- Task brief -
In the records below, repeat word for word only the lines starting at the one that contains "Flagga Colombia Julgransprydnad Keramik" and ending at the one that contains "Square Persian Gray", pictures excluded.

- Source material -
──────────────────────────────

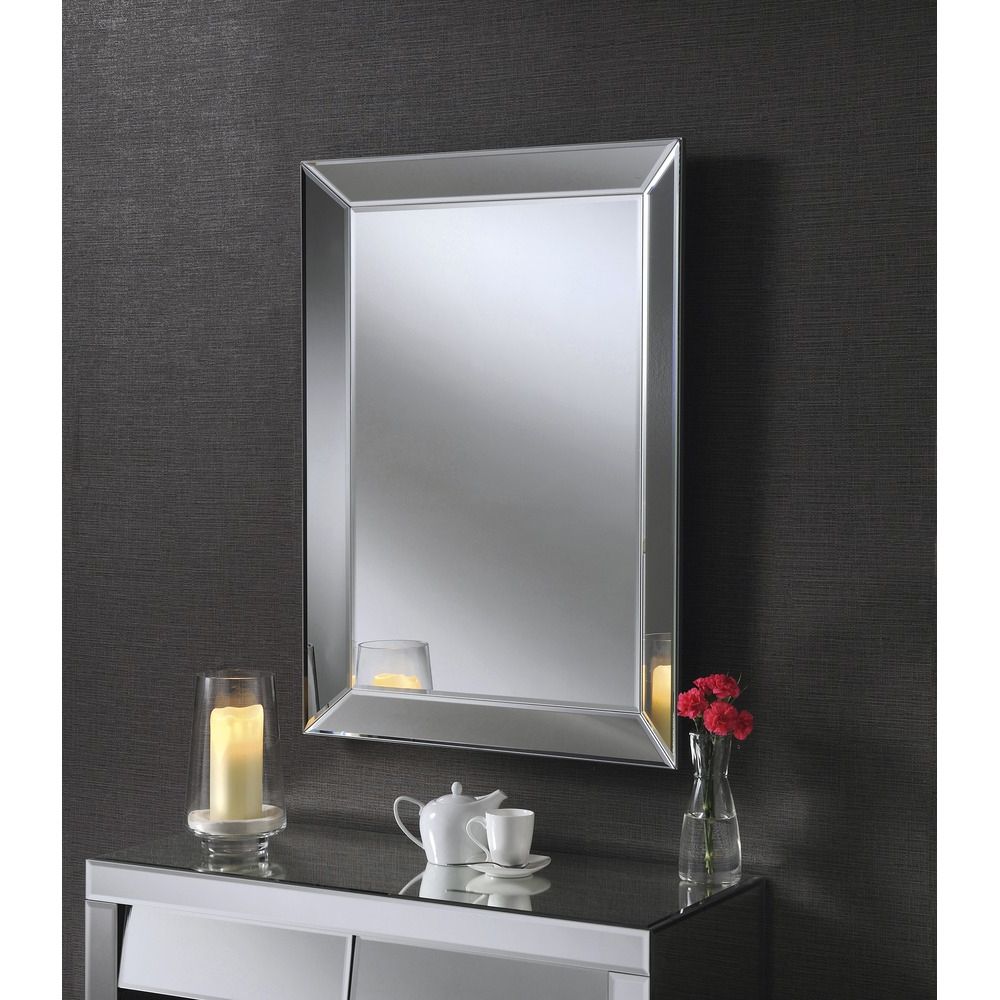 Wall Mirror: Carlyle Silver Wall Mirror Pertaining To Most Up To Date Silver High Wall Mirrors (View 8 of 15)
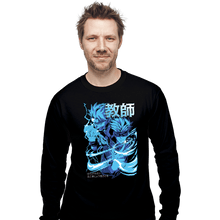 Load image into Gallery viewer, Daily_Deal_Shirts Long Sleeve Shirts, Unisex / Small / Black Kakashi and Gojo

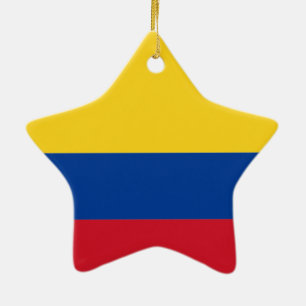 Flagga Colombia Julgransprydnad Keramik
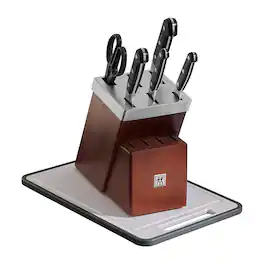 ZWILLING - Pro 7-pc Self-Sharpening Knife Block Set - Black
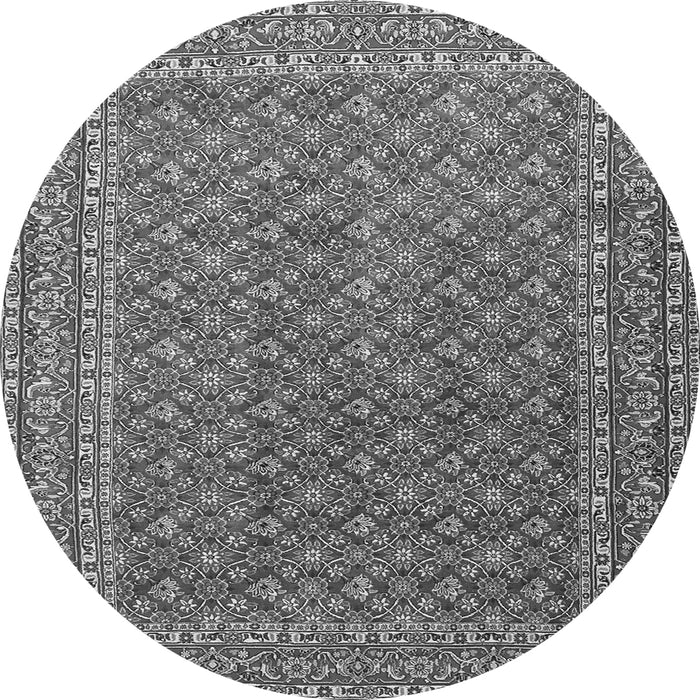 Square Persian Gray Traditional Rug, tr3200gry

──────────────────────────────

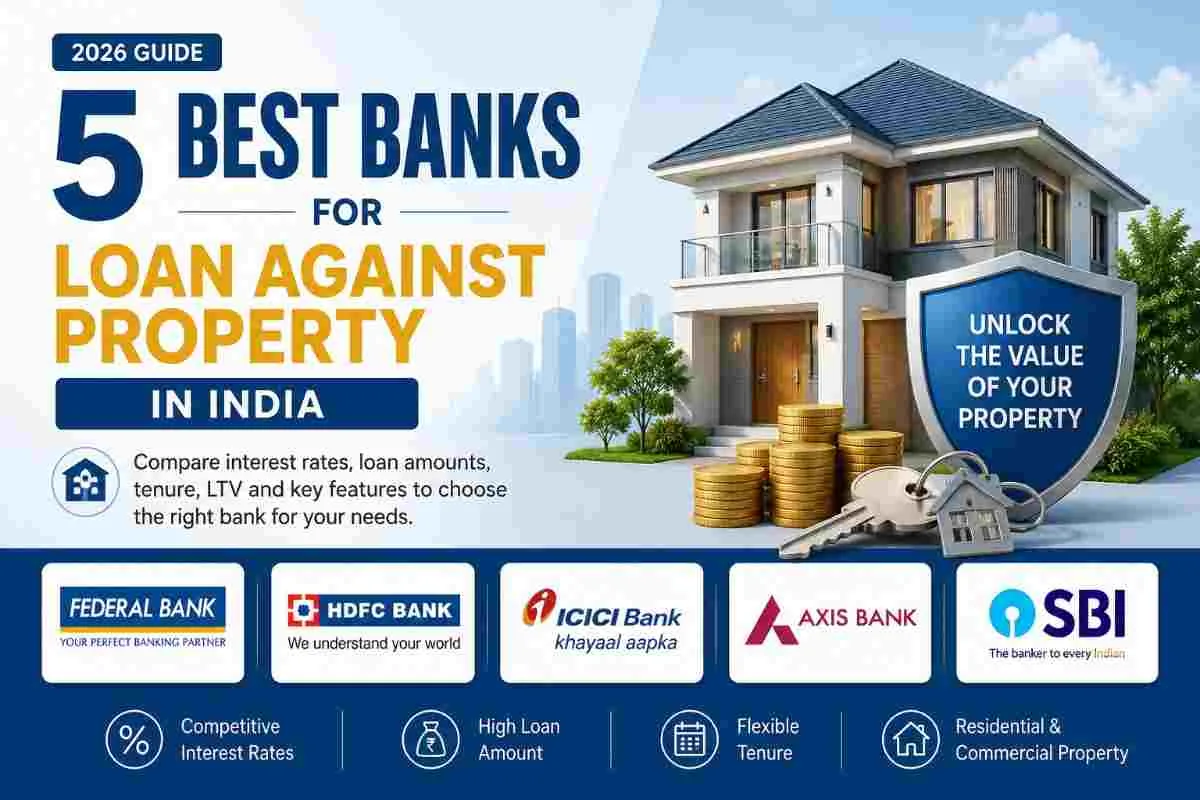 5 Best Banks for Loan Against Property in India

──────────────────────────────

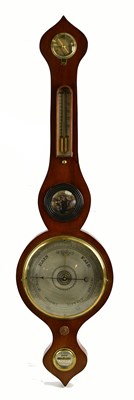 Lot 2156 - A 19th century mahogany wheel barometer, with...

──────────────────────────────

- Solution to this exercise -
 Flagga Colombia Julgransprydnad Keramik
 ZWILLING - Pro 7-pc Self-Sharpening Knife Block Set - Black
 Square Persian Gray Traditional Rug, tr3200gry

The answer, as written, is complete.